The Final Angular Speed of a Rotating Cylinder System

What is the final angular speed of the system consisting of a rotating cylinder and a piece of putty?

Given data:

Mass of the cylinder (M): 12.2 kg

Radius of the cylinder (R): 1.00 m

Angular speed of the cylinder (ω): 5.50 rad/s

Mass of the putty (m): 0.250 kg

Distance of the putty from the center (r): 0.900 m

Answer:

The final angular speed of the system that contains a solid, horizontal cylinder of mass 12.2 kg and radius 1.00 m rotating with an angular speed of 5.50 rad/s about a fixed vertical axis through its center is 5.33 rad/s.

When a 0.250-kg piece of putty is dropped vertically onto the cylinder at a point 0.900 m from the center of rotation and sticks to the cylinder, the final angular speed of the system can be determined using the conservation of angular momentum.
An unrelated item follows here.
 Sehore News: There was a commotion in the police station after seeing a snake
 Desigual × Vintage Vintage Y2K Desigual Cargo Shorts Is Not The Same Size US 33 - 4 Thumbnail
According to the law of conservation of angular momentum:

1/2 * M * R² * ω = (1/2 * M * R² + m * r²) * ω'

Substitute the given values into the equation:

1/2 * 12.2 * 1 * 5.5 = [(1/2 * 12.2 * 1) + (0.25 * 0.9²)] * ω'

ω' = 33.55 / 6.3

ω' = 5.33 rad/s

Therefore, the final angular speed of the system is 5.33 rad/s after the piece of putty is dropped onto the rotating cylinder and sticks to it.